Easy Buttermilk Biscuits
Everybody and their grandmother has a recipe for the best buttermilk biscuits in the world. Some are simple and easy, like this recipe, and some are ridiculously complex and over the top. Now, I’m not going to sit here and tell you that this recipe for easy buttermilk biscuits is the best in the world, or the best I have ever had or better than anything that has graced the lips of a state fair judge. I just want to share this recipe because I enjoyed the taste, texture and appearance of these easy buttermilk biscuits. And, what’s even more important, I especially enjoyed making them. I wanted to try out an alternative to serving pillsbury whatever’s to my family for our last Thanksgiving dinner. We didn’t go a traditional route with a turkey and what not, so I had a little extra time to be more detail oriented with some of the side dishes. So I scoured the internets and found this exceptional recipe for easy buttermilk biscuits. Now, let me remind everyone that this was a first attempt at from scratch biscuits, I am lazy and usually buy my way out of the bread situation. So I was relieved at how easy and how well received these biscuits were at meal time. Don’t be intimidated by some of these steps, it will all turn out fine in the end, and remember, if I can do it, you probably can too. I don’t know, maybe you can. I really can’t judge competence from here. Just trying to be supportive, because I know some people that can’t even boil water. I mean really!? How do they even survive! Ramen is too complicated for them! I guess its just taco bell and micky d’s from here on out!
3 cups flour
2 tsp baking powder
1/4 tsp baking soda
1 1/2 Tbsp granulated sugar
1 tsp salt
10 Tbsp butter, divided (1 cup, and 2 Tbsp.)
1 1/2 cups buttermilk
2 Tbsp milk
Whisk together all dry ingredients in a a bowl, cover and put in the freezer. Take one stick of butter and put it in the freezer. Chill both the dry ingredients and butter for 1 hour.
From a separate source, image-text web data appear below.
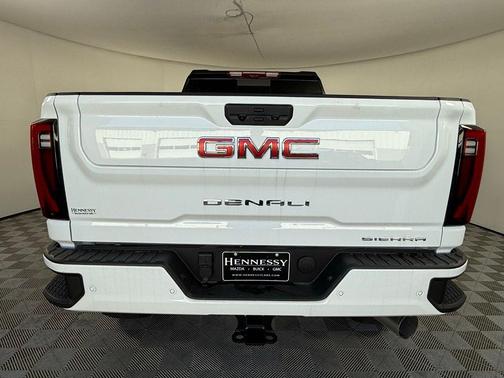 2025 GMC Sierra 2500 Denali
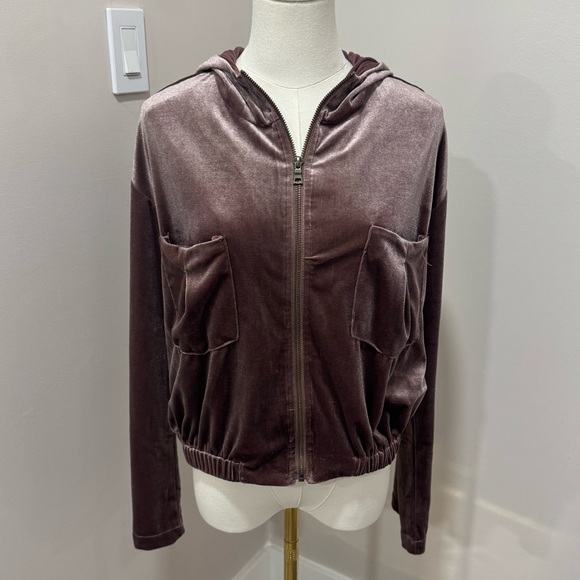Young Fabulous & Broke Jackets & Blazers - Young Fabulous & Broke Dusty Rose Velvet Fritzy Hoodie Jacket Size Medium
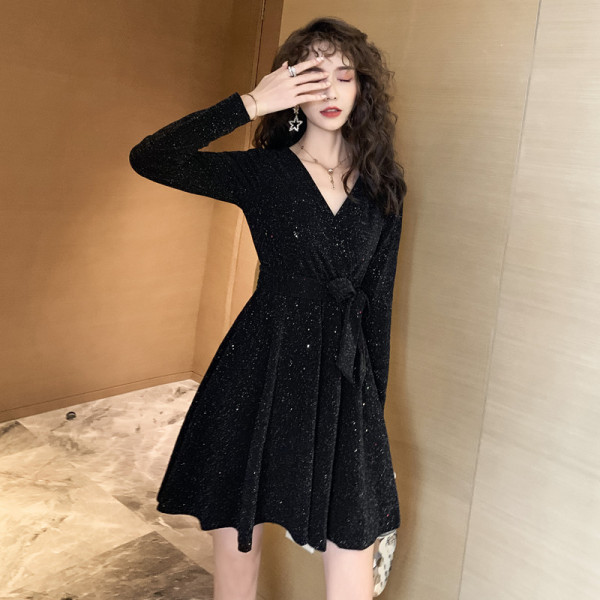 Rochie de dama stralucitoare model decupata cu maneci lungi si decolteu spitz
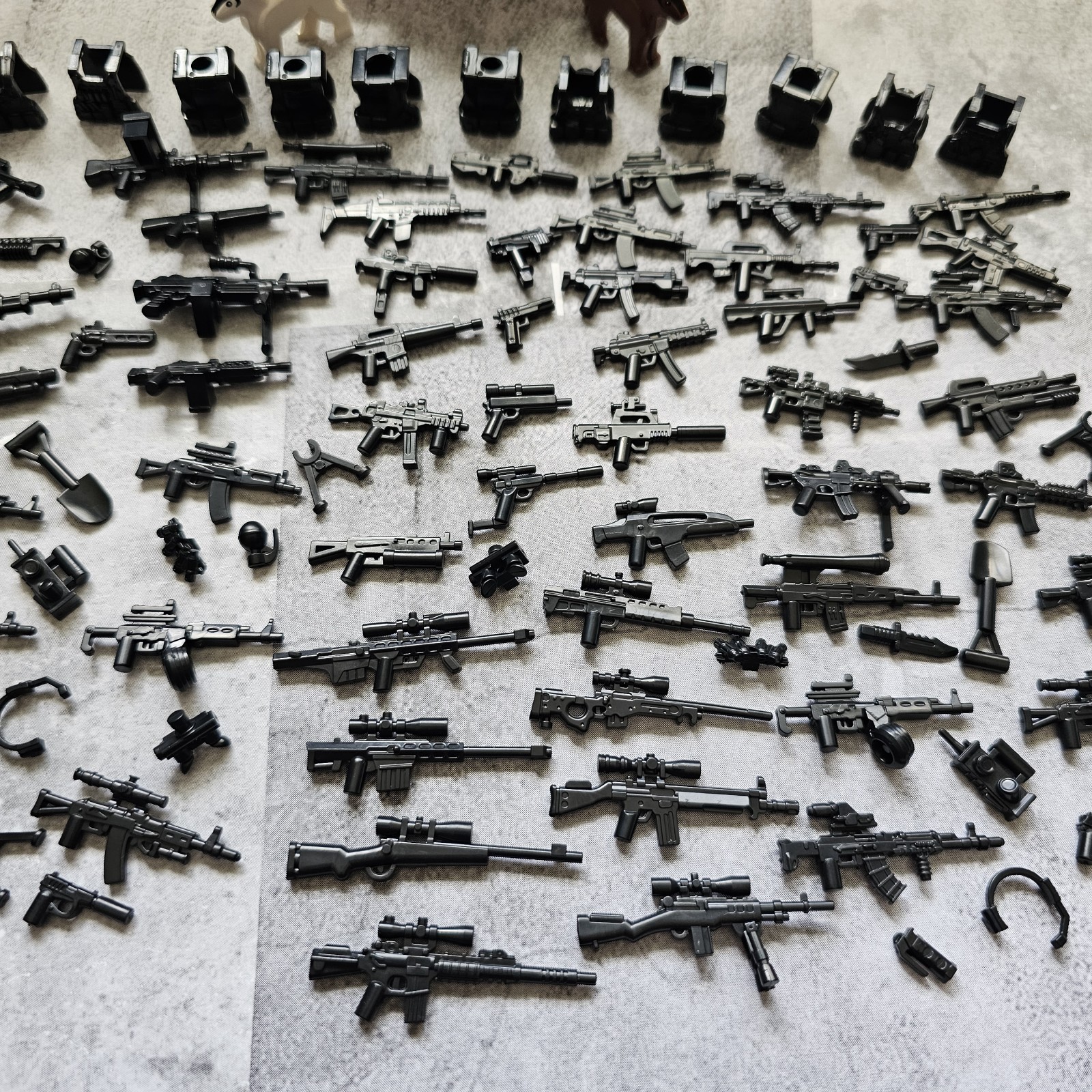 Multipack Soldier Weapons Accessories Gun Armor Helmet Lot for Minifigures BX01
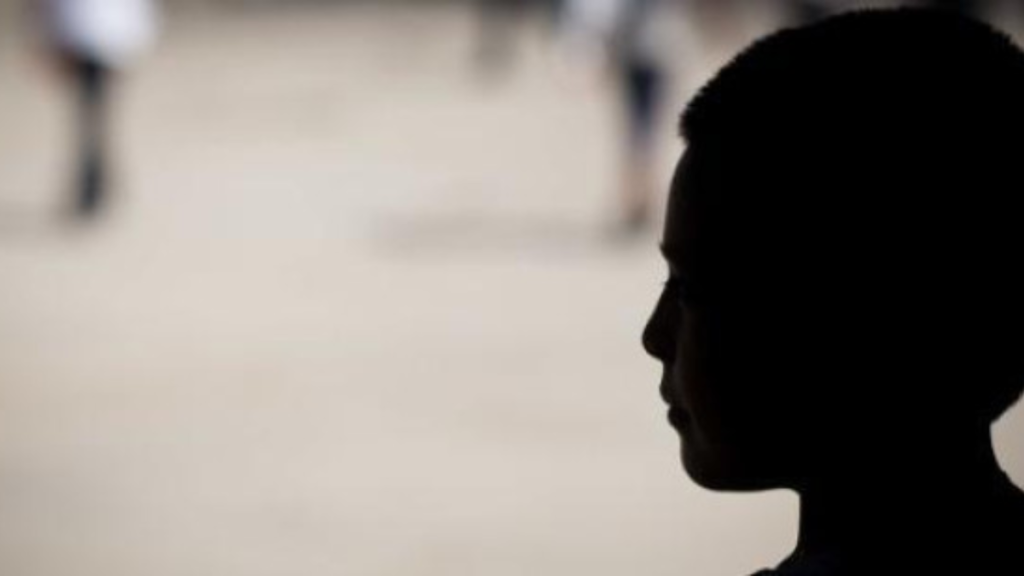 Ciudadana española rechaza acusación de tráfico de menores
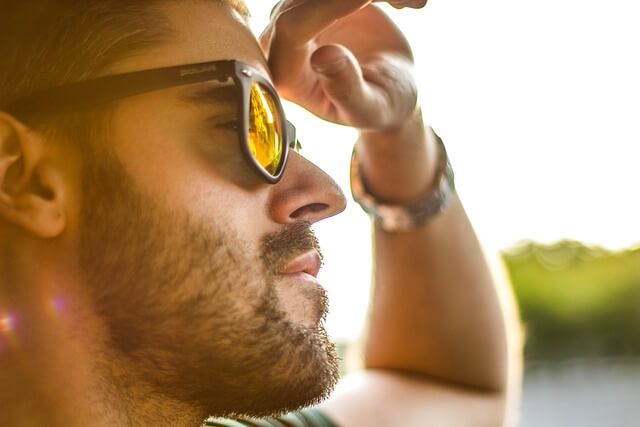 선글라스 고르는 법 (+ 선글라스 세척/관리법 및 렌즈 교체 주기)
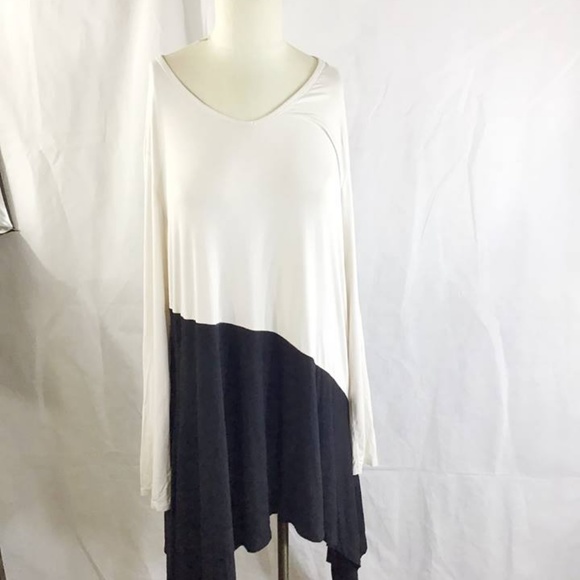 Planet Tops - PLANET Asymmetrical Cream Black Top ,XL , EUC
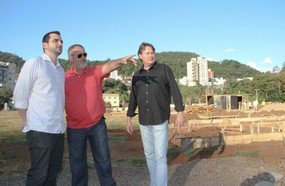 Prefeito faz vídeo para mostrar início da construção do Parque em Joaçaba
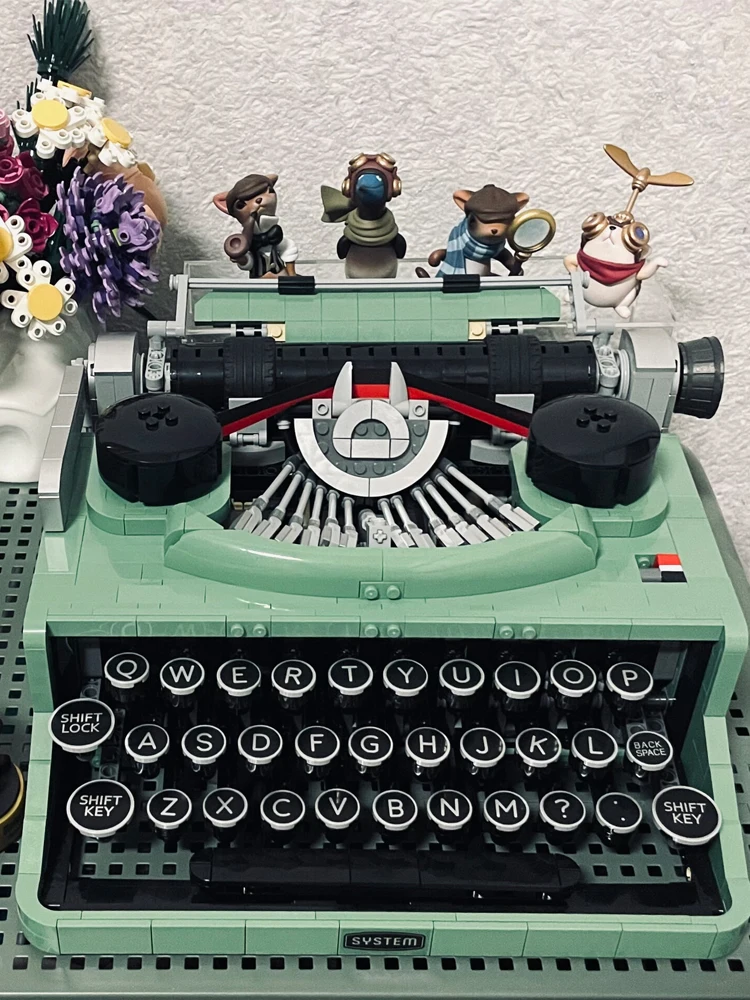 Retro Typewriter Building Blocks High Difficulty Group Assembled Toys Children's Puzzle Send Children Model Gift
Retro Typewriter Building Blocks High Difficulty Group Assembled Toys Children's Puzzle Send Children Model Gift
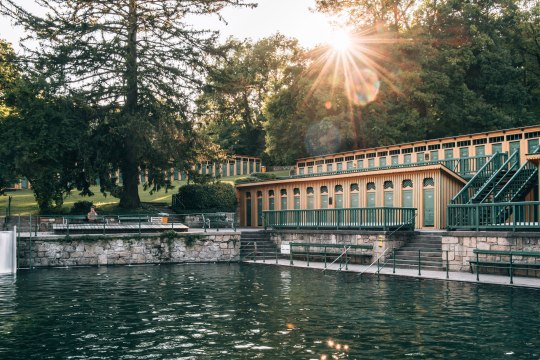 Cooling off in the Fischauer Thermalbad, © Romeo Felsenreich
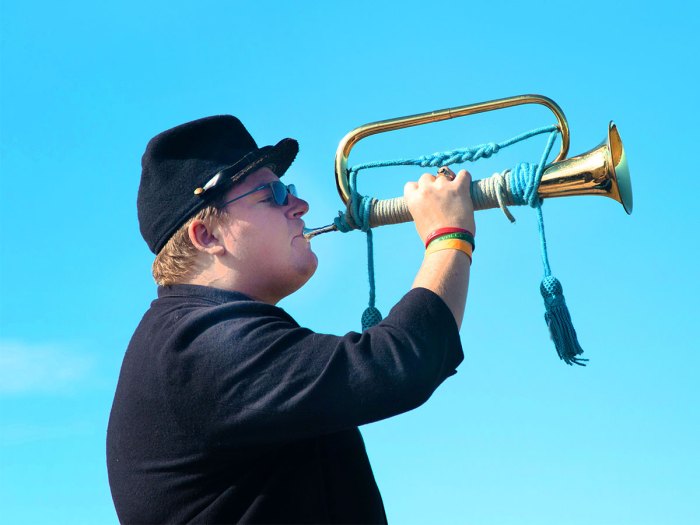 bugle player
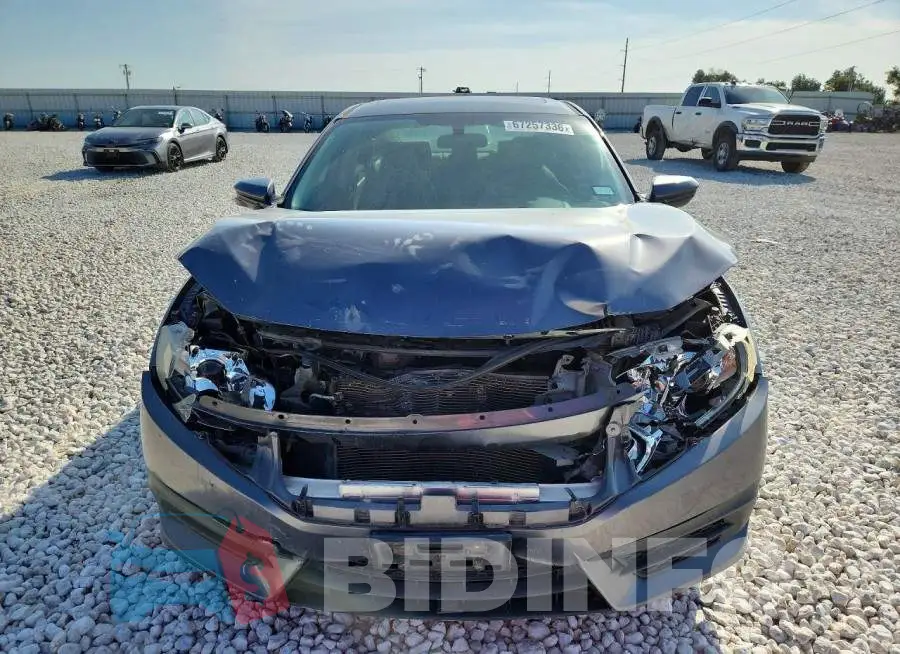 19XFC2F70HE053429 Photo# 5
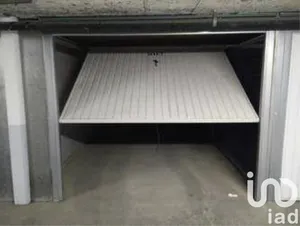 Parking à Évry (91000)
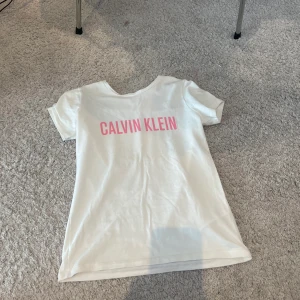 ‼️Calvin Klein t-shirt‼️ - 🌟säljer denna superfina vit & rosa Calvin Klein t-shirten köpte den förra sommaren. I storlek 128-140 men passar mig som har storlek 152☀️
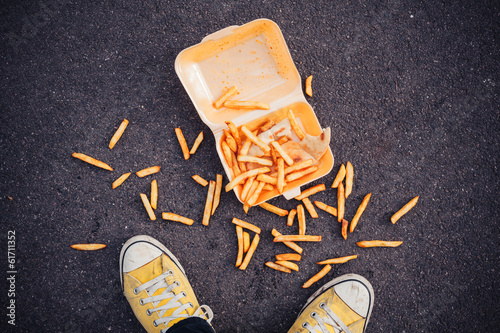 Man dropping his chips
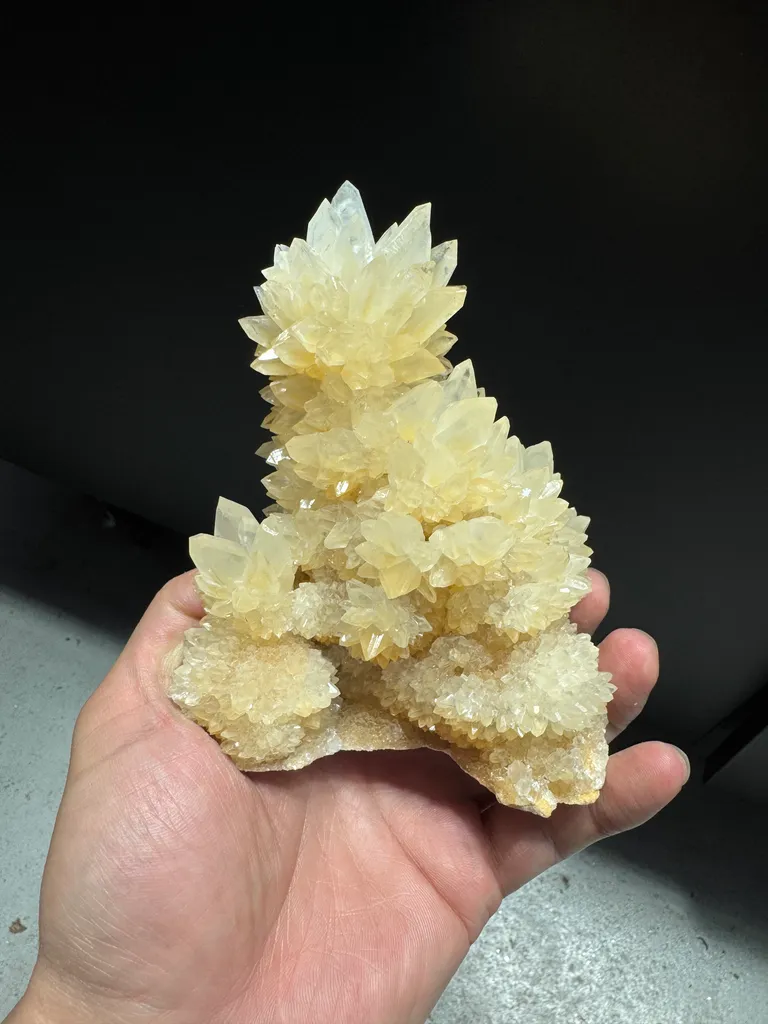 Calcite from China, Yunnan, Wenshan, Wenshan City image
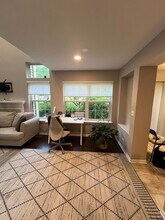 109 Holmes Way in Schaumburg, IL - Building Photo - Building Photo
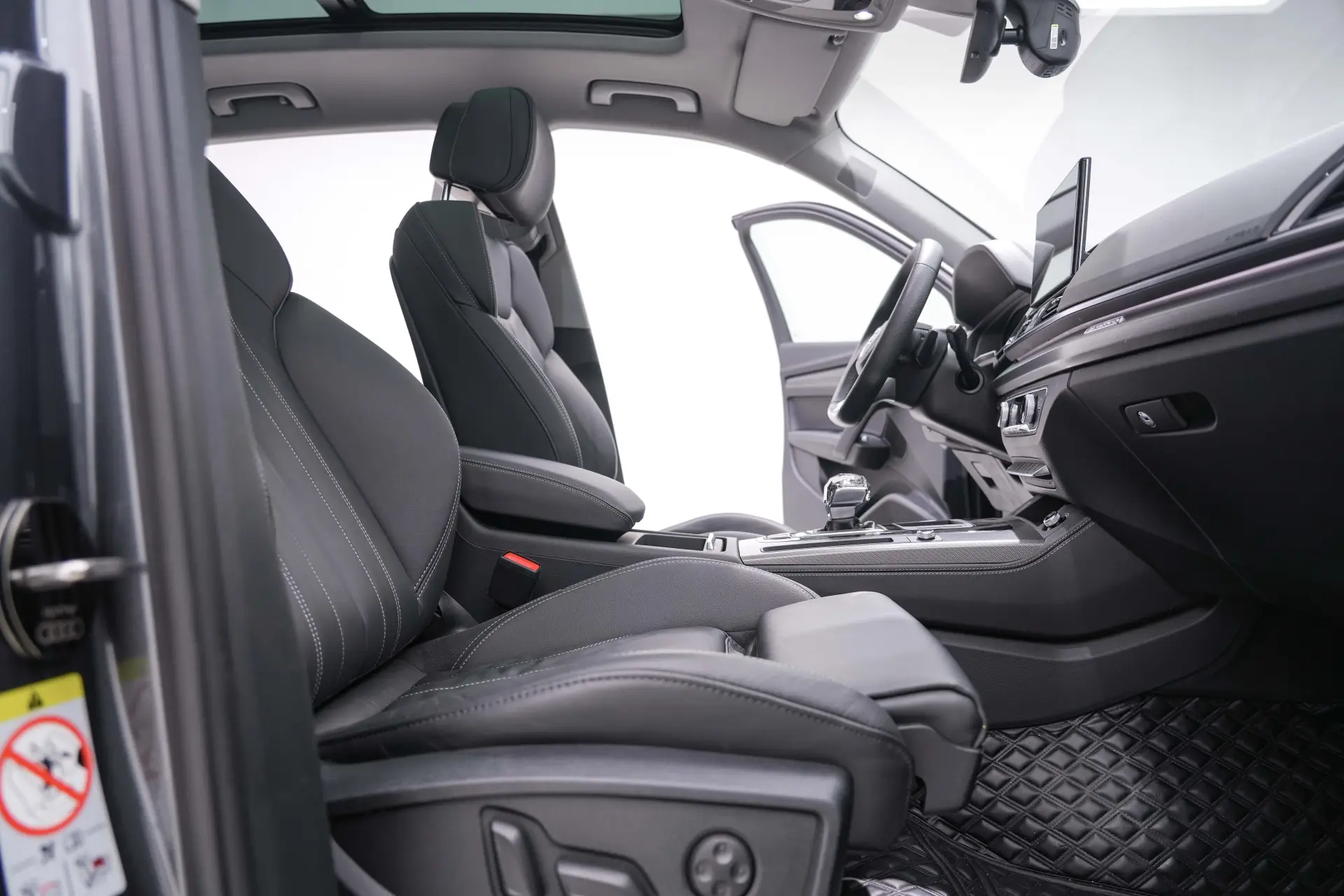 Audi Q5L 45, 2023 21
After 3o minutes, put buttermilk into an air tight container and put it into the freezer to chill for 30 minutes. All ingredients in the freezer should be ready to use at the same time.
Preheat oven to 425 degrees F.
Melt 2 Tbsp butter in the microwave and set aside.
Remove the stick of butter from the freezer and grate using the smallest holes on your grater. Remove flour mixture from freezer and toss in the grated butter using a wooden spoon until well distributed.
Remove the buttermilk from the freezer, stir, then add it to the flour mixture. Mix using a wooden spoon and one hand. Add the chilled milk to the mixture (as needed) towards the end to really help it come together.
Flour a surface and pat the dough mixture on it until about 1 inch thick. Use a round biscuit cutter and transfer to a silpat lined baking sheet. Brush the tops of the biscuits with the melted butter.
Bake for about 18-22 minutes and the tops are golden brown.
Eat while they are warm!
Here is the blog I found the recipe on, Cooking Classy. I really like her blog, everything is straight forward and relatively simple. Let’s be honest, we don’t all have time for crazy complex recipes, at least not on a day to day basis.